What needs to be done
Please keep pictures out and return the lines below exactly, from the one holding "Buffalo Chicken Potato Casserole" through the last, both included.

Crawled caption data
+++

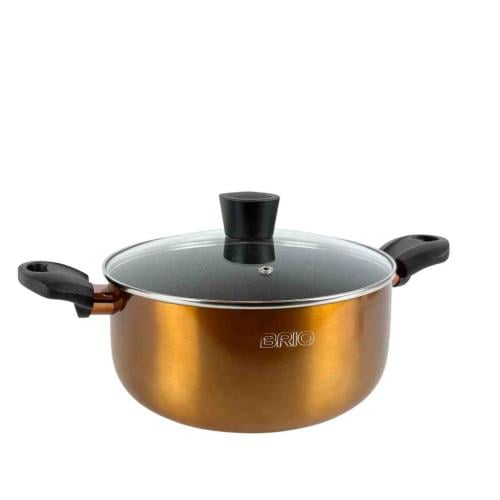 قدر طهي غير لاصق بغطاء زجاجي من بريو – لون نحاسي -...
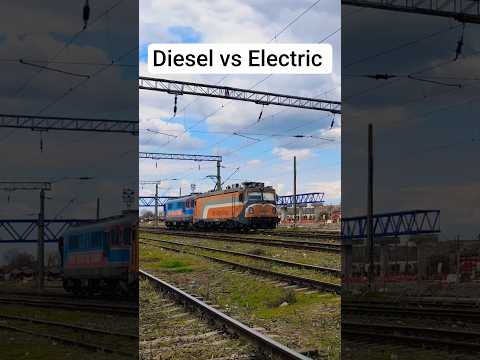 Short/Reel: Diesel vs Electric locomotive #train #railway #europe #trainspotting #cfr #zug #trenes #trains #rail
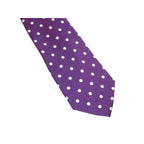 Men's Stacy Adams Tie and Hankie Set Woven Silky Satin #SAT120 Purple Polka Dot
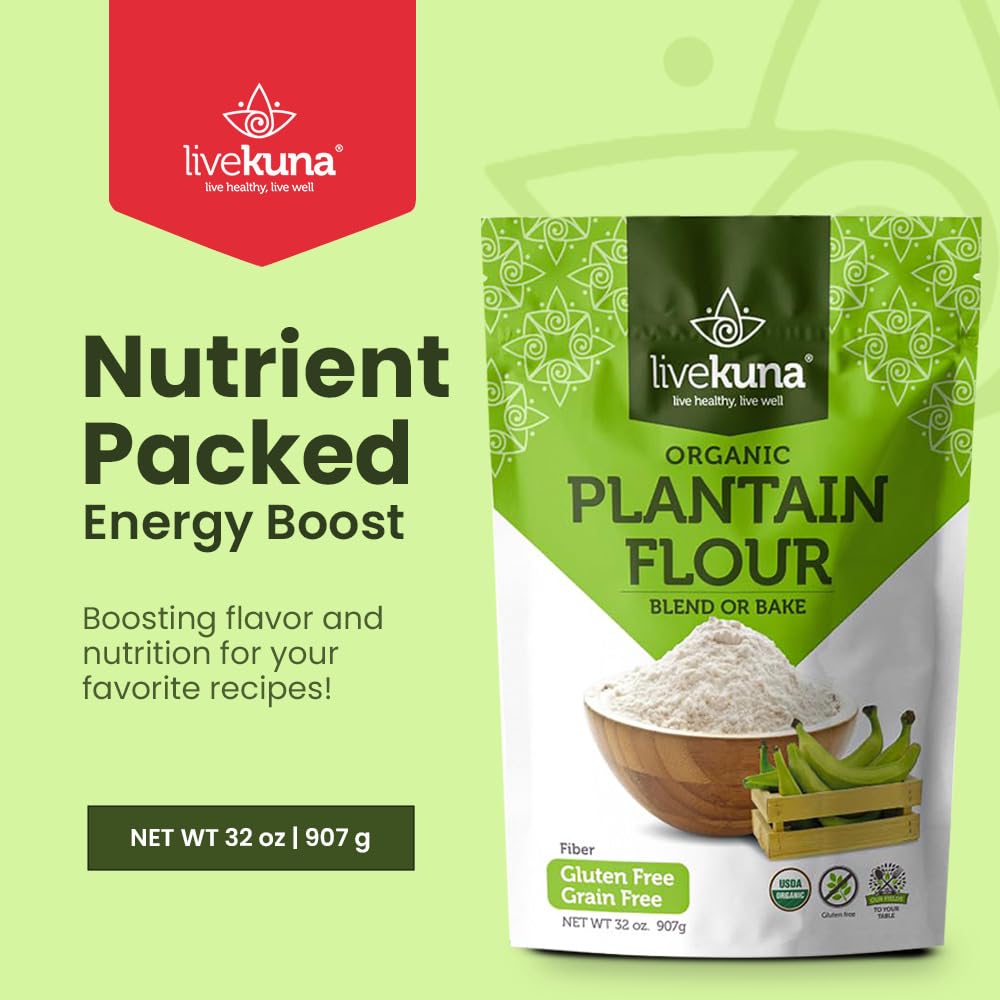 LiveKuna Plantain Flour pouring into a bowl, ideal for grain-free cooking.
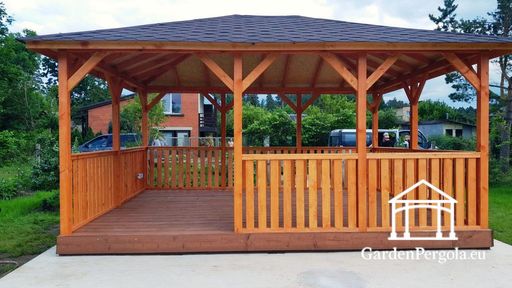 4x5 m Amber Träpaviljong — Rymlig Trädgårdspaviljong med Golv, Räcken och Täckt Tak - garden gazebo pergola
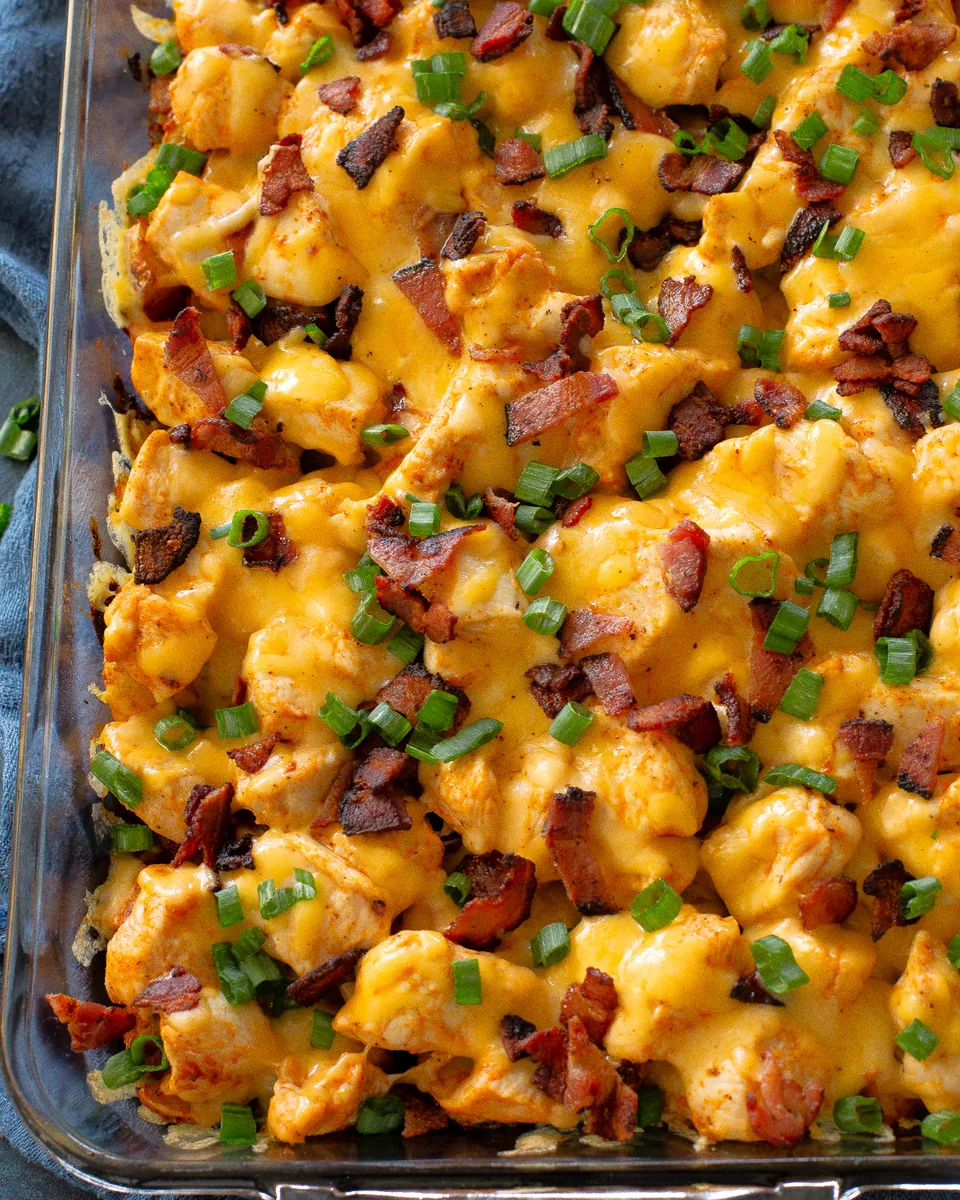 Buffalo Chicken Potato Casserole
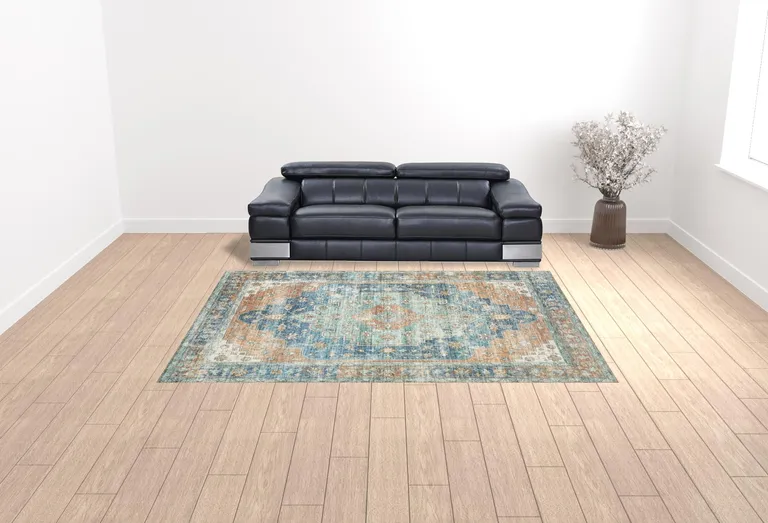 Blue Oriental Power Loom Stain Resistant Area Rug Photo 3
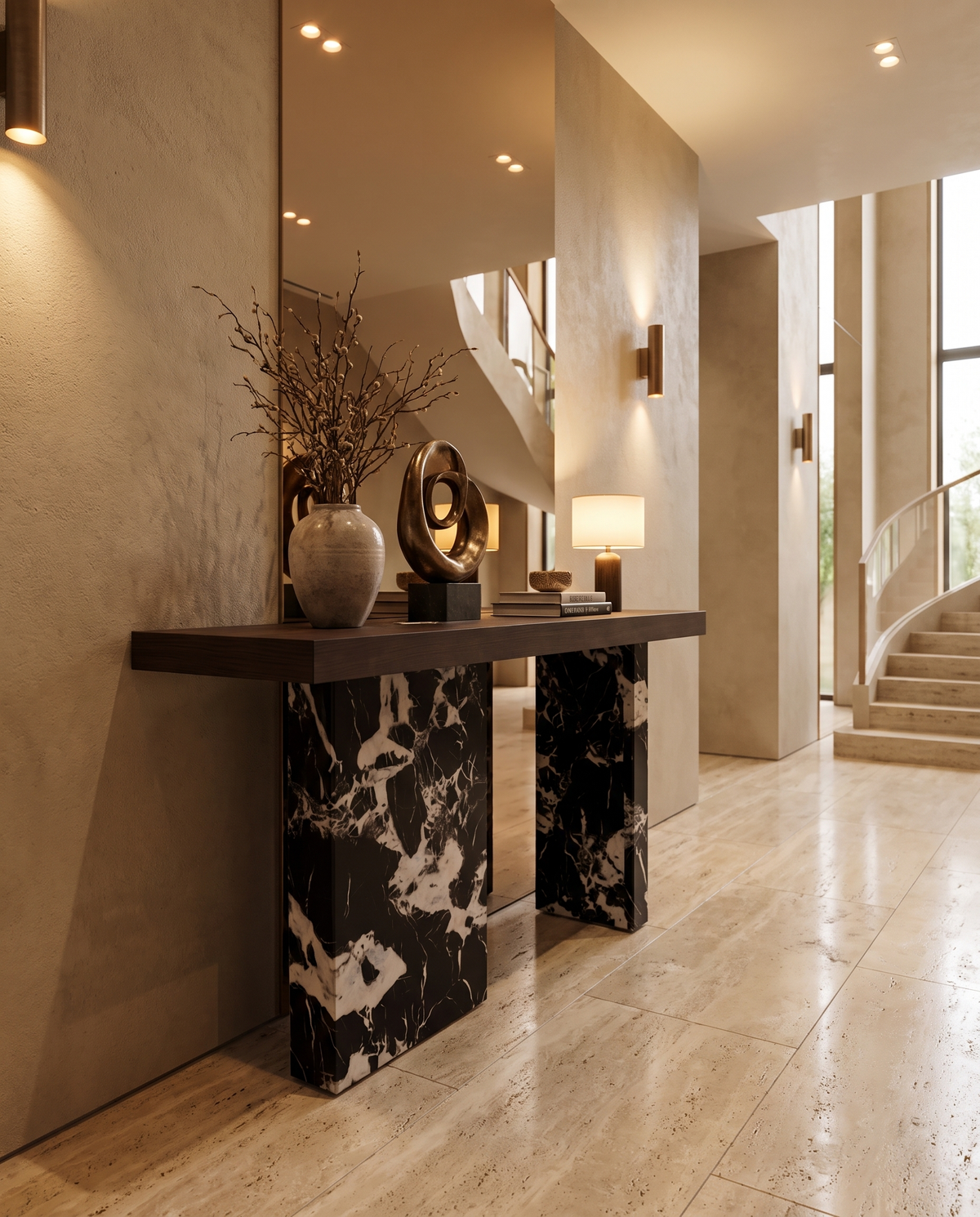 Breccia Noir Marble Console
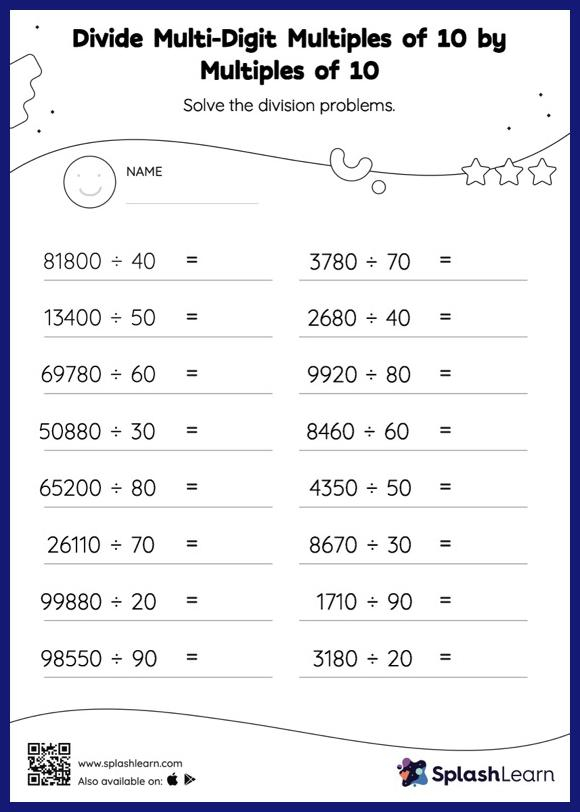 Multi digit Division Worksheets For 5th Graders Online SplashLearn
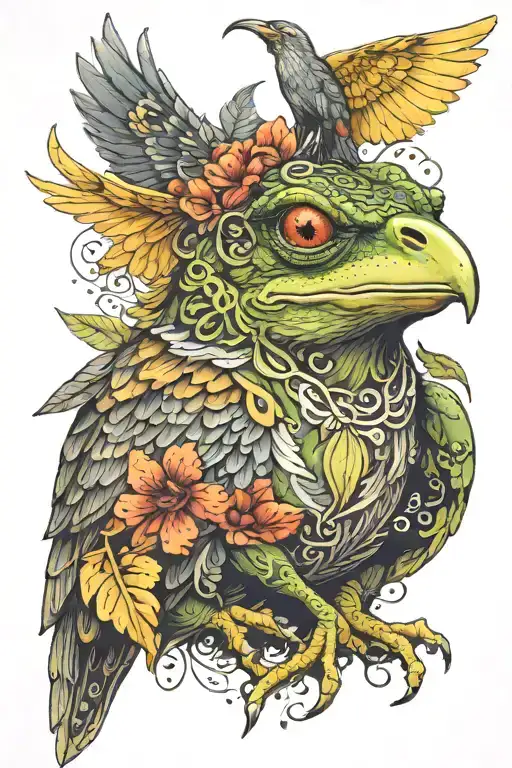 Totem Wolf Frog Crow With Wings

+++

Completed exercise
 Buffalo Chicken Potato Casserole
 Blue Oriental Power Loom Stain Resistant Area Rug Photo 3
 Breccia Noir Marble Console
 Multi digit Division Worksheets For 5th Graders Online SplashLearn
 Totem Wolf Frog Crow With Wings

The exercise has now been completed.